The integration of the stiff ODE systems associated with chemical kinetics is the most computationally demanding task in most practical combustion simulations. The introduction of detailed reaction mechanisms in multi-dimensional simulations is limited by unfavorable scaling of the stiff ODE solution methods with the mechanism’s size. In this paper, we compare the efficiency and the appropriateness of direct and Krylov subspace sparse iterative solvers to speed-up the integration of combustion chemistry ODEs, with focus on their incorporation into multi-dimensional CFD codes through operator splitting. A suitable preconditioner formulation was addressed by using a general-purpose incomplete LU factorization method for the chemistry Jacobians, and optimizing its parameters using ignition delay simulations for practical fuels. All the calculations were run using a same efficient framework: SpeedCHEM, a recently developed library for gas-mixture kinetics that incorporates a sparse analytical approach for the ODE system functions.

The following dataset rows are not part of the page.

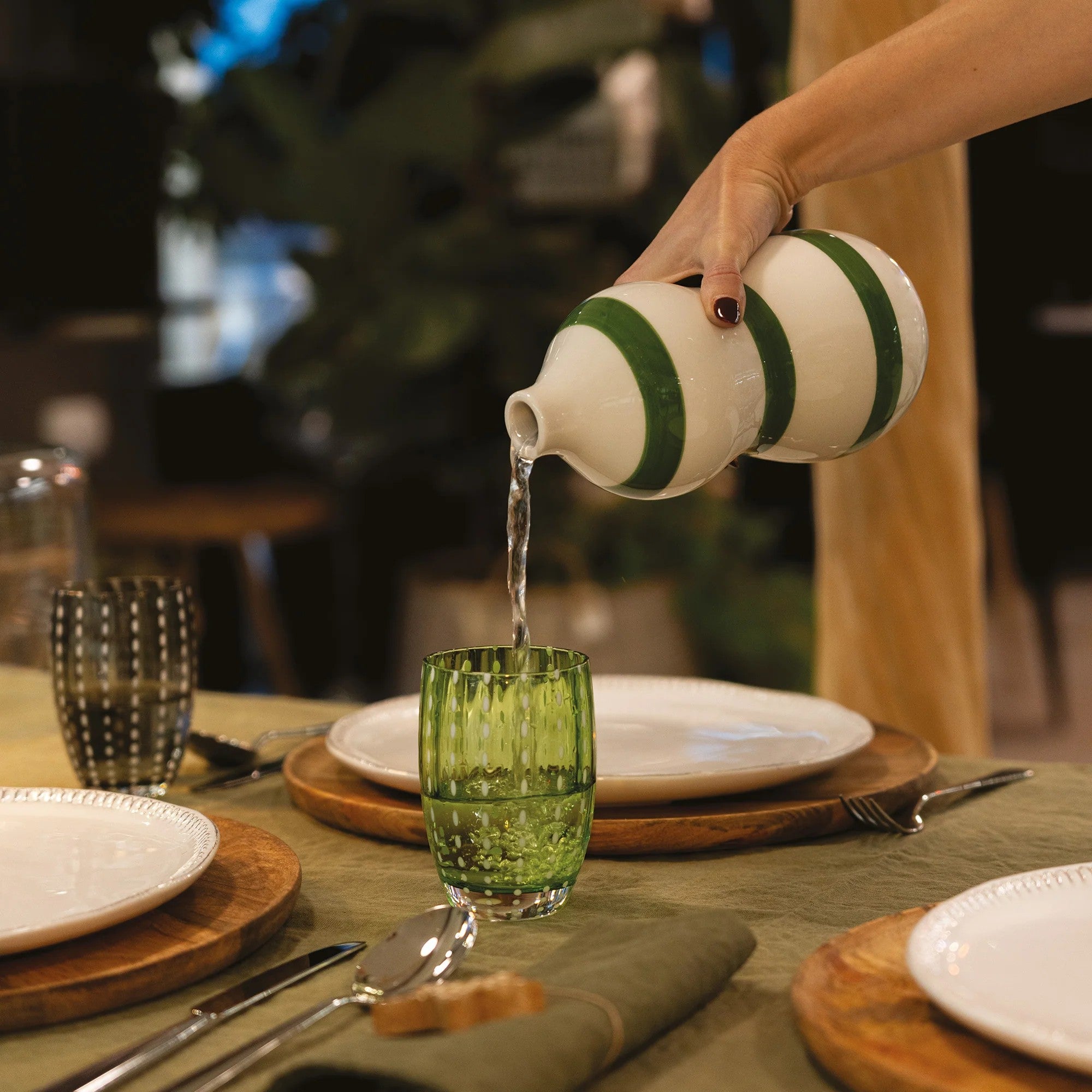 Perle Tumbler - Apple Green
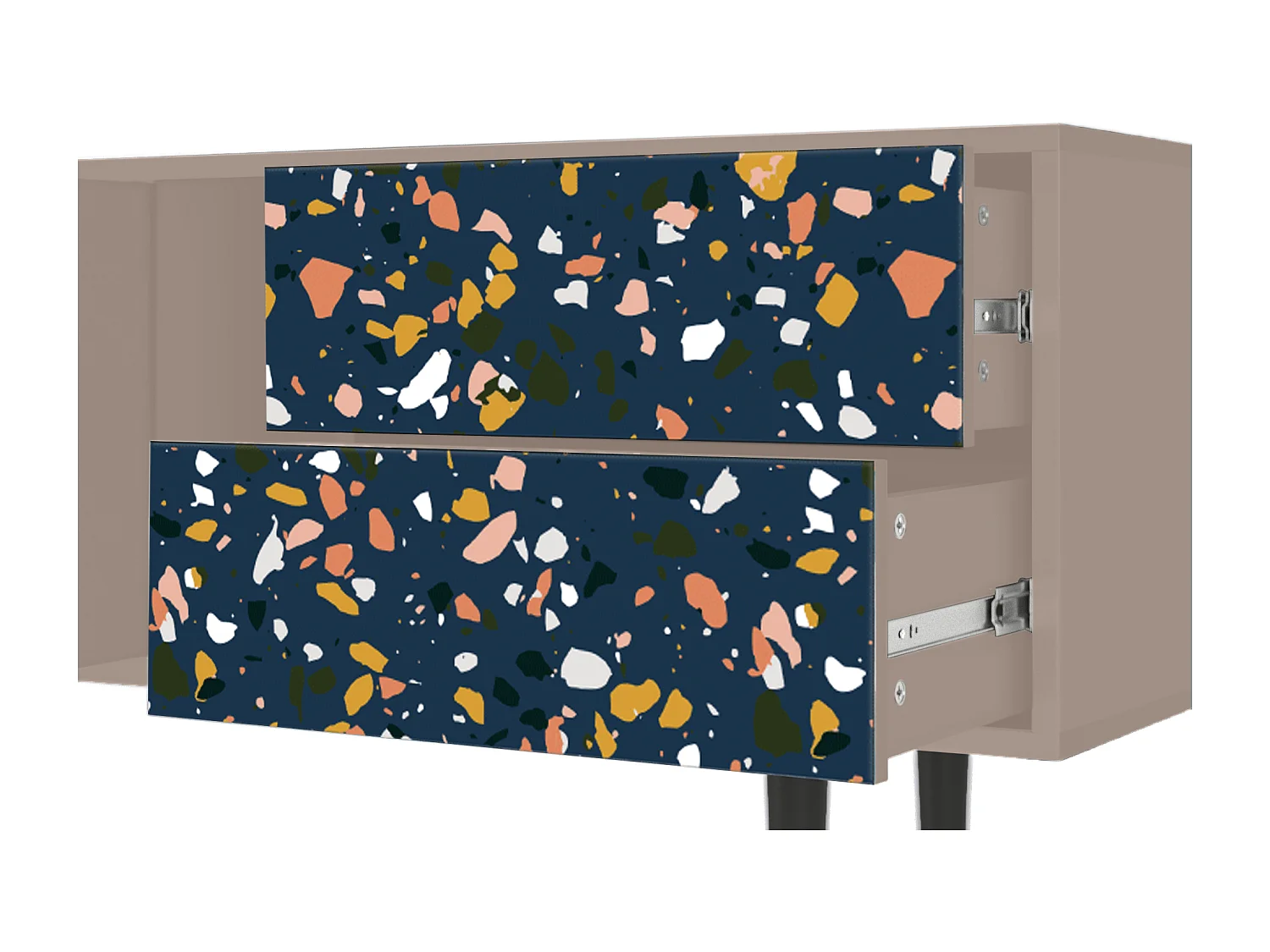 Meuble TV - 170х69х48 cm - T1 - Night Sky Langhterns, Latte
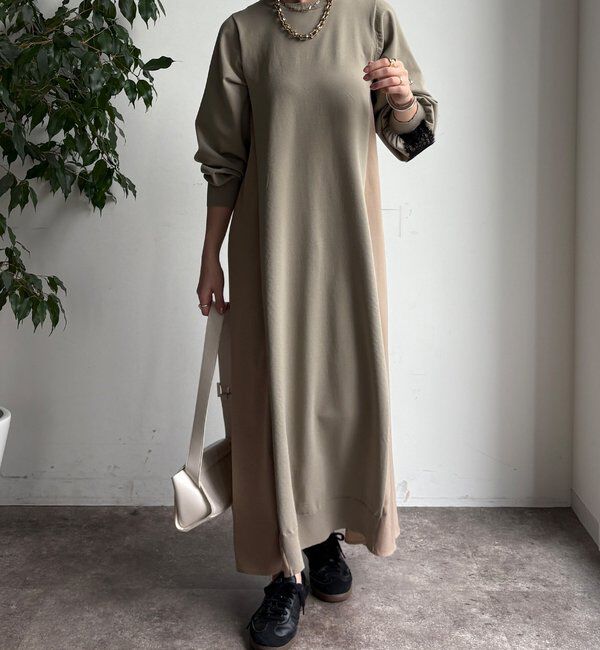  「【WEB限定】バックレースラインワンピース」|ワンピース|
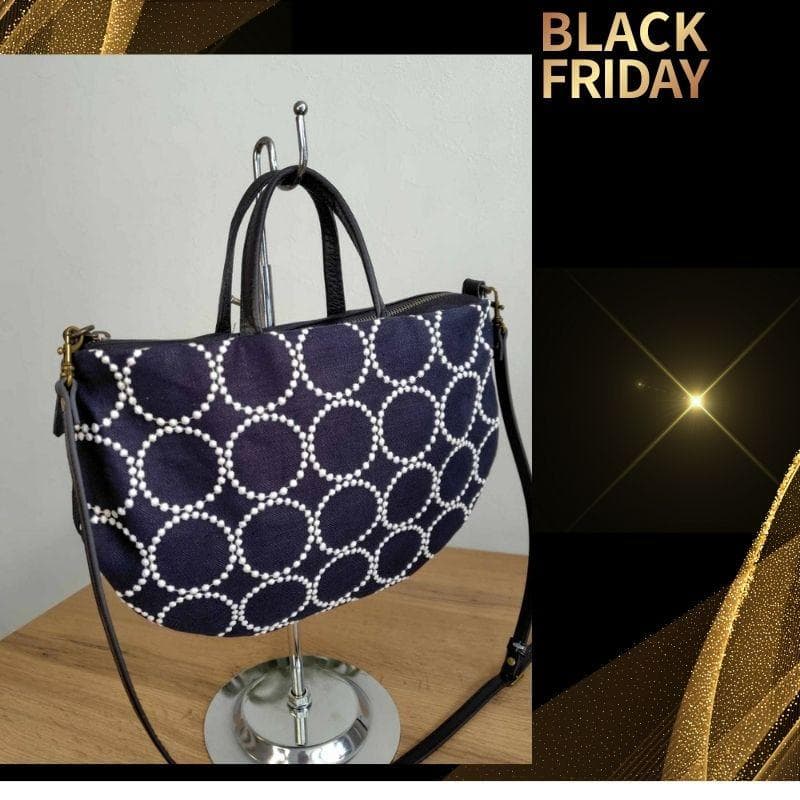 ミナペルホネン/2025tambourineタンバリンネイビー×白/Mサイズ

The solution was integrated through direct and Krylov subspace iteration implementations with different backward differentiation formula integrators for stiff ODE systems: LSODE, VODE, DASSL. Both ignition delay calculations, involving reaction mechanisms that ranged from 29 to 7171 species, and multi-dimensional internal combustion engine simulations with the KIVA code were used as test cases. All solvers showed similar robustness, and no integration failures were observed when using ILUT-preconditioned Krylov enabled integrators. We found that both solver approaches, coupled with efficient function evaluation numerics, were capable of scaling computational time requirements approximately linearly with the number of species. This allows up to three orders of magnitude speed-ups in comparison with the traditional dense solution approach. The direct solvers outperformed Krylov subspace solvers at mechanism sizes smaller than about 1000 species, while the Krylov approach allowed more than 40% speed-up over the direct solver when using the largest reaction mechanism with 7171 species.